When Cop Car debuted at the Sundance film festival back in January, it was warmly received and seen as a minor breakthrough for writer-director Jon Watts. It wasn't the sort of film that would set the world alight, but it was a smart, low-budget genre movie that was expertly handled and augured great things. Yet before it even went into general release, the film already felt like a footnote of Watts' career, since he was tapped to direct the next Spider-Man reboot not long after Cop Car played in Park City. While that doesn't have much of a bearing on the film itself, it does alter the general perception of it. What once was a sharp and neatly put together genre exercise starts to look a little too much like a calling card, or Watts' gateway to franchise filmmaking.
If Cop Car is only ever remembered as the film that helped launch Watts into the big leagues, it remains a pretty good springboard.
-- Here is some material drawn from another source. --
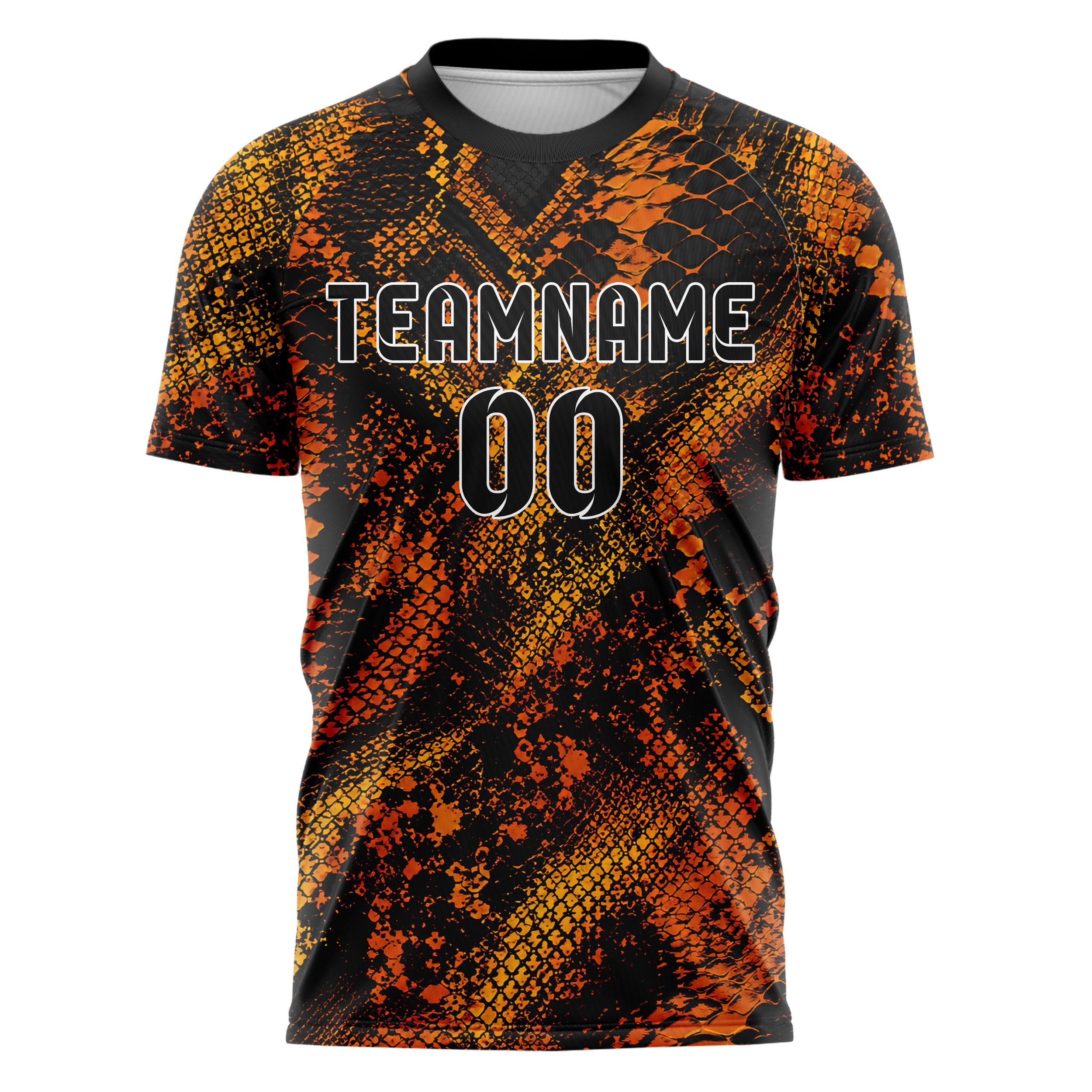 Schwarz dunkles Animal Print Snake Scales Design 08-0026 individuelles Fußballtrikot front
The set-up is as simple as its title. While out walking one day, two young boys named Travis and Harrison (James Freedson-Jackson and Hays Wellford, respectively) stumble across a seemingly abandoned police cruiser. After daring each other to touch the car, they discover that not only is open, but the keys are still in it. Overcome by their good fortune, they decide to take the car for a joyride, and start hurtling around the empty back roads of the Midwest.
Unsurprisingly, because the film wouldn't be much more than a short film otherwise, the car was not abandoned, its owner was just indisposed. Sheriff Kretzer (Kevin Bacon) was off burying a dead body, so the theft of his vehicle is more than just an embarrassment: it could unveil whatever shady dealings he has been involved in. From that point onwards, the film becomes a cat-and-mouse game (albeit one in which the cat is often tens of miles away from the mouse) in which Kretzer has to try to get a new car, somehow find his old one or contact the boys, but without letting anyone else realise what is going on.
Cop Car unfolds in a very clean and straightforward fashion. After establishing the amiable, foul-mouthed relationship between Travis and Harrison and showing how they are just bored and precocious enough to think that stealing a car, let alone a cop car, is a totally cool idea that couldn't possibly have any negative repercussions, the film then cuts between them tearing around and Kretzer's desperate attempts to get out of the mess he finds himself in. As such, the film has two distinct tones that gradually converge over time.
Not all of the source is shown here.